*WORK ORDER*.
Would you return exactly the lines below from the line with "Nuie Arno 800mm" through the line with "Porcelain Casserole Dish, White, 36.5x30x6", both included, and nothing else, leaving out the pictures?

** Opening MATERIAL FOR THIS EXERCISE block **

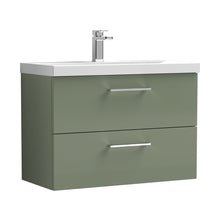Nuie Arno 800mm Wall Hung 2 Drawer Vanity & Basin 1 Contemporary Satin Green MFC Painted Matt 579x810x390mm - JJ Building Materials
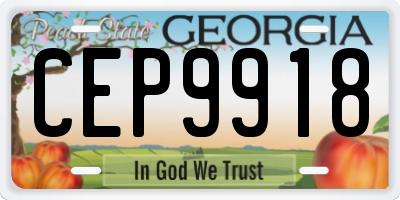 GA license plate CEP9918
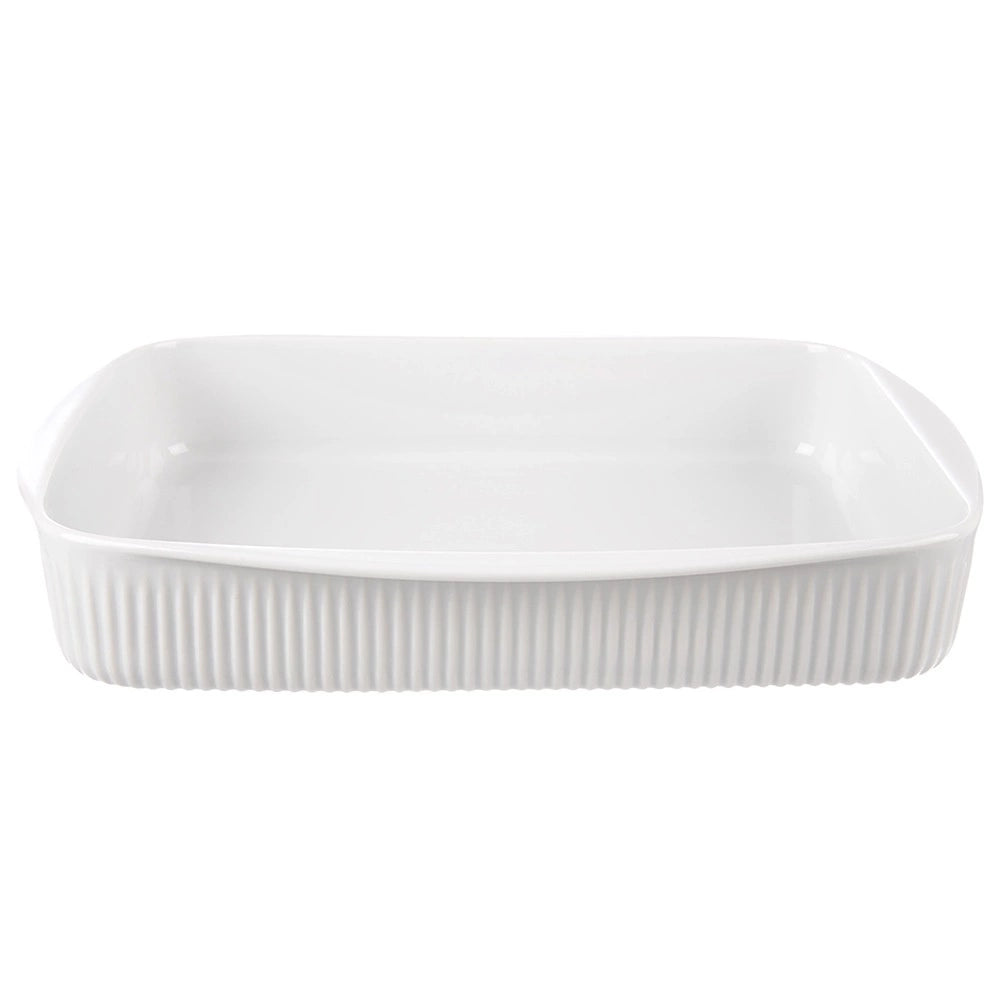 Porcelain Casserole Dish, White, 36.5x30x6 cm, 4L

** Closing MATERIAL FOR THIS EXERCISE block **
** Opening MATERIAL FOR THIS EXERCISE block **

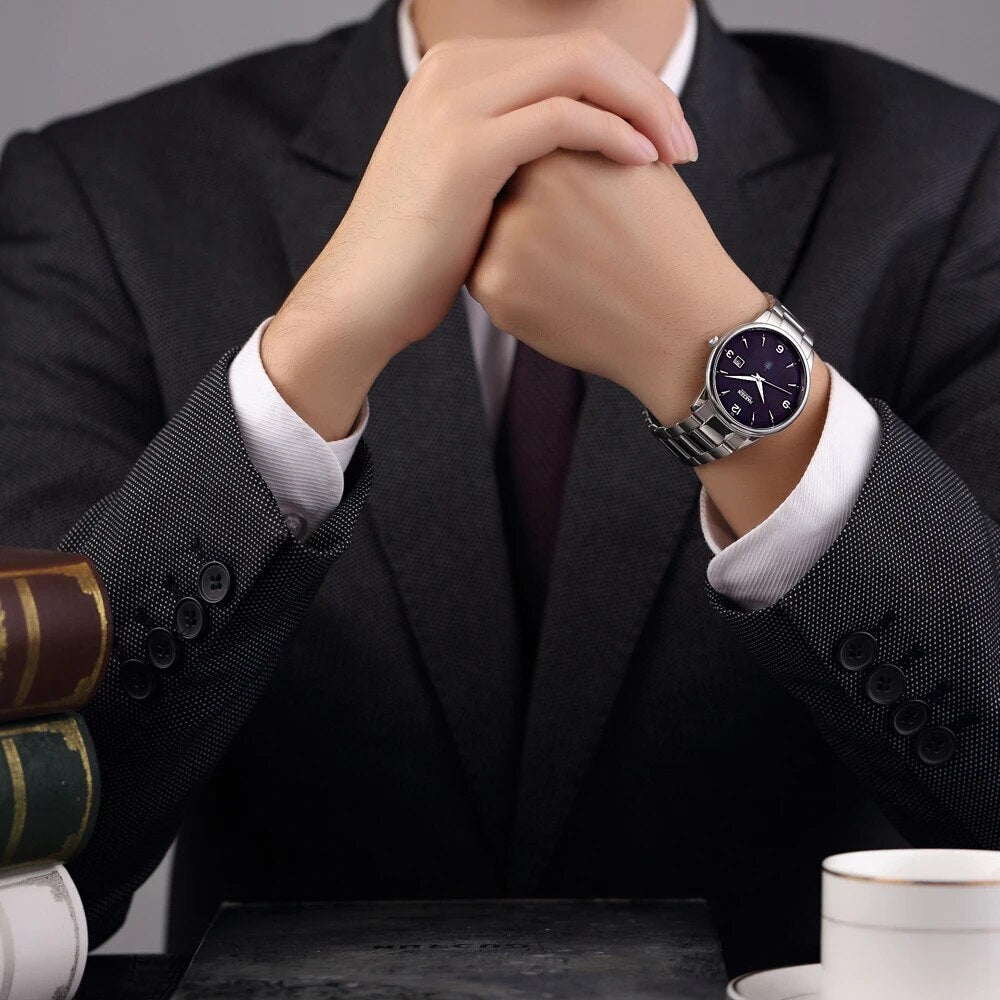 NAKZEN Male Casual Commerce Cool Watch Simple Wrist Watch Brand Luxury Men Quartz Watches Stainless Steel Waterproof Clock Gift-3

** Closing MATERIAL FOR THIS EXERCISE block **
** Opening MATERIAL FOR THIS EXERCISE block **

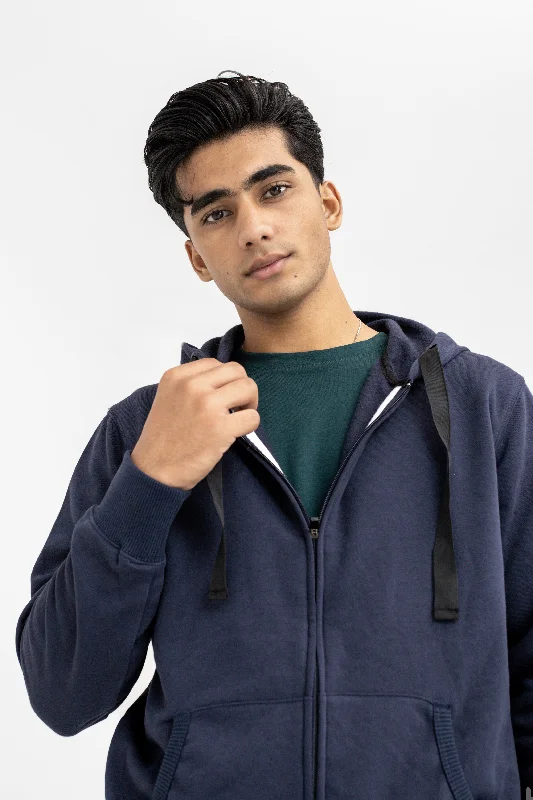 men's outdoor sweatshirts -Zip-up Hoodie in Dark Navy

** Closing MATERIAL FOR THIS EXERCISE block **

*FINISHED EXERCISE*.
Nuie Arno 800mm Wall Hung 2 Drawer Vanity & Basin 1 Contemporary Satin Green MFC Painted Matt 579x810x390mm - JJ Building Materials
 GA license plate CEP9918
 Porcelain Casserole Dish, White, 36.5x30x6 cm, 4L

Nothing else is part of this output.